Anthony Scaramucci: Trump Should Have Been 'Much Harsher' On White Supremacists

“You have to call that stuff out,” said the former White House communications director.

President Donald Trump’s response to Saturday’s violence in Charlottesville, Virginia, should have been “much harsher” on the white supremacists whose rally sparked the bloodshed, former White House communications director Anthony Scaramucci said on Sunday.

“I think he needed to be much harsher as it relates to the white supremacists,” Scaramucci said on ABC’s “This Week.” “You have to call that stuff out.”

Trump has come under intense criticism for his response to clashes between white nationalist groups ― including members of neo-Nazi and KKK groups ― and counter-protesters, which came to a head Saturday when a 20-year-old Ohio man allegedly plowed his vehicle into a group of anti-racist demonstrators, killing a 32-year-old woman and injuring at least 19 others. The suspect, James Alex Fields Jr., was photographed holding a shield bearing a white supremacist emblem before the deadly attack

“We condemn in the strongest possible terms this egregious display of hatred, bigotry and violence on many sides ― on many sides,” Trump said during a bill signing ceremony at his golf club in Bedminster, New Jersey. “It’s been going on for a long time in our country, not Donald Trump, not Barack Obama.
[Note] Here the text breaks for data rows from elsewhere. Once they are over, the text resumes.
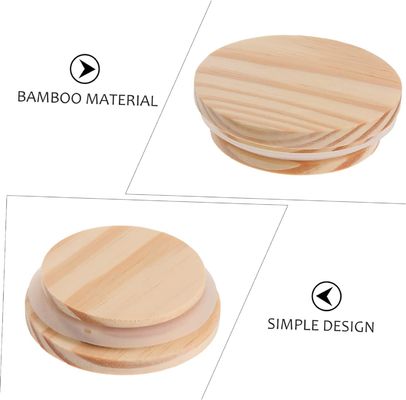 8Pcs Wooden Bamboo Lids Non Spill Candle Glass Jars Airtight Jar Wooden Lid Jars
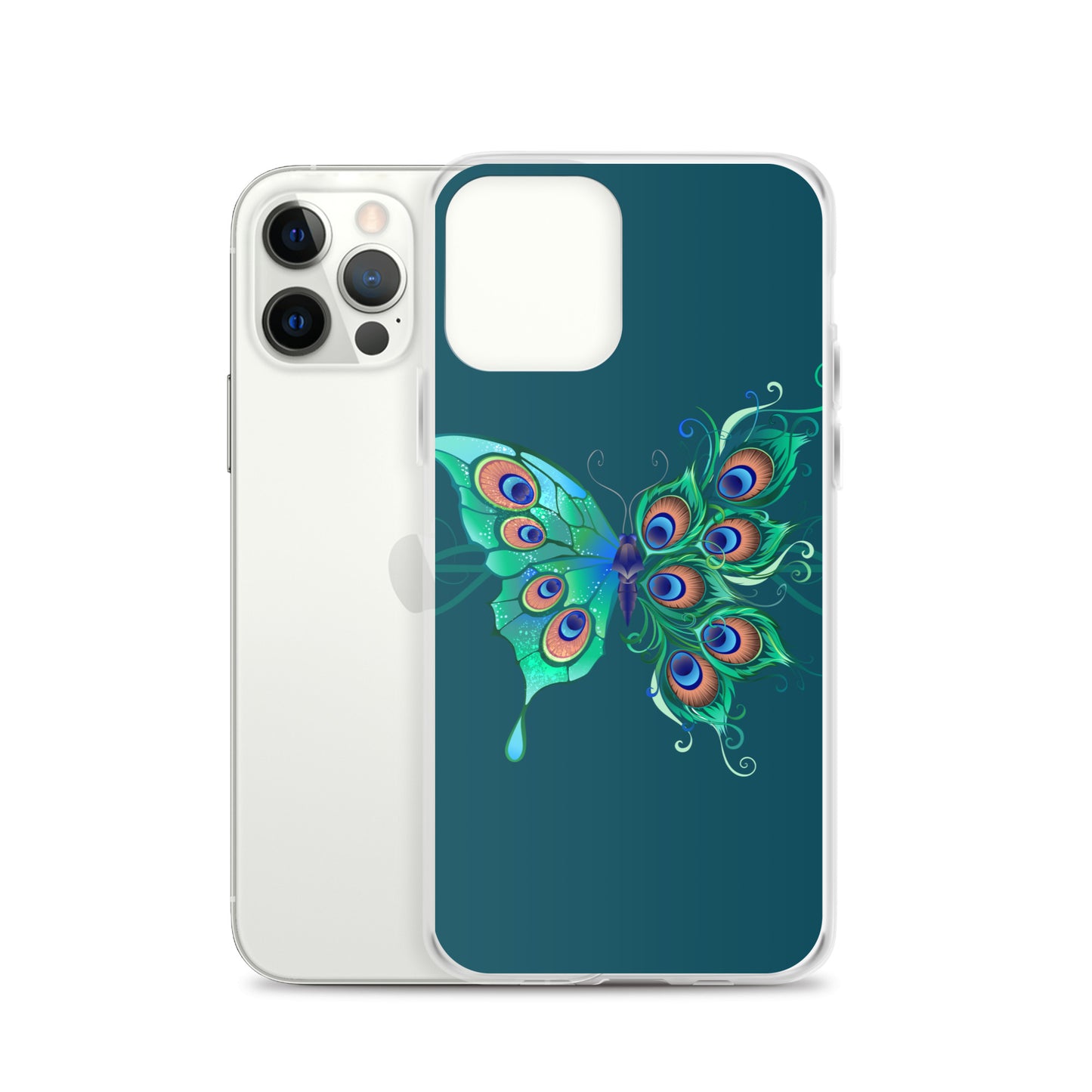 Peacock Butterfly Astronaut Blue Clear Case for iPhone®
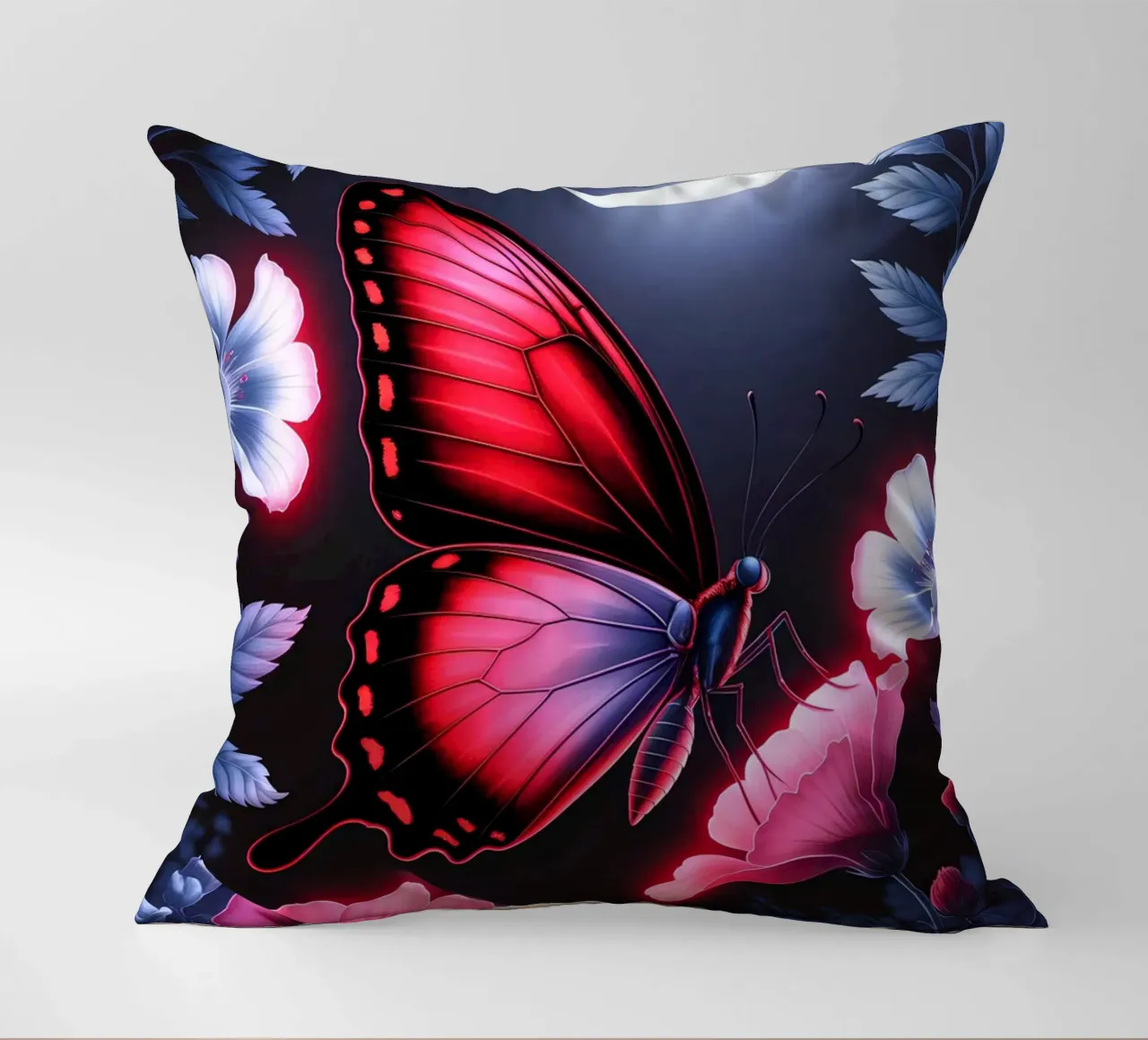 Midnight Bloom: Glowing Butterfly cuscino da IMAGINE ART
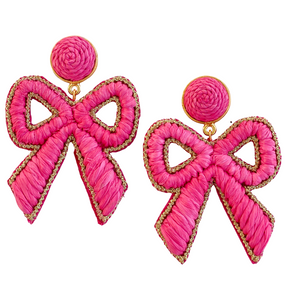 Bow Raffia Earrings | Pink Flamingo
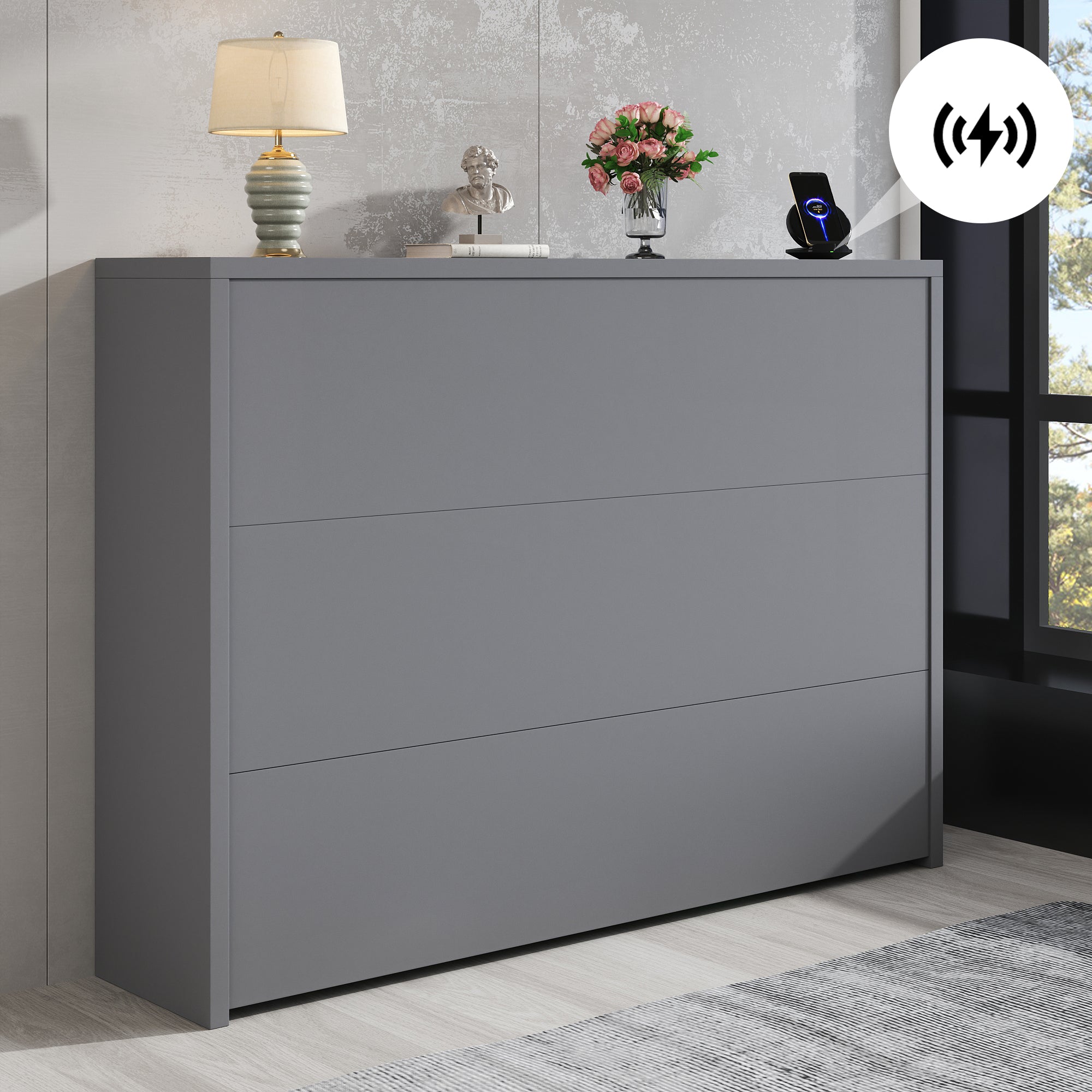 Logidon Opvouwbaar Bureau met Wielen en Draadloze Oplader 2in1 Grijs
It’s been going on for a long, long time.”

Lawmakers on both sides of the political aisle have called out Trump’s apparent reluctance to specifically mention the white supremacist groups who gathered in Charlottesville for a “Unite the Right” rally. But to Scaramucci ― a Wall Street financier who served less than two weeks in his White House post last month ― the president’s response was textbook Trump.

“He likes doing the opposite of what the media thinks he’s going to do,” he said. “I think he’s of the impression there is hatred on all sides.”

Scaramucci said he “disagreed” with Trump’s statement, but that such differences of opinion would likely do little to shape the message coming out of the White House.

“You’re not going change the president,” Scaramucci said. “He’s going to do what he wants to do, how he wants to do it.” Furthermore, Trump’s advisers are “reluctant to tell him the truth,” he said.

Two Virginia state troopers who were part of the effort to quell the violence in Charlottesville died when their helicopter crashed on the outskirts of the town.

Scaramucci’s brief tenure at the White House ended with his resignation in late July after he gave a bombastic interview to the New Yorker in which he lashed out at various other members of Trump’s inner circle.

In his interview Sunday, Scaramucci fueled recent rumors about a forthcoming shakeup in White House staff, suggesting that chief strategist Steve Bannon was behind some of the leaks that have plagued Trump’s presidency.

“I think at the end of the day, the president knows who are the leakers ― the people undermining his agenda that are serving their own interests,” Scaramucci said. “I think the president knows what he’s going to do.”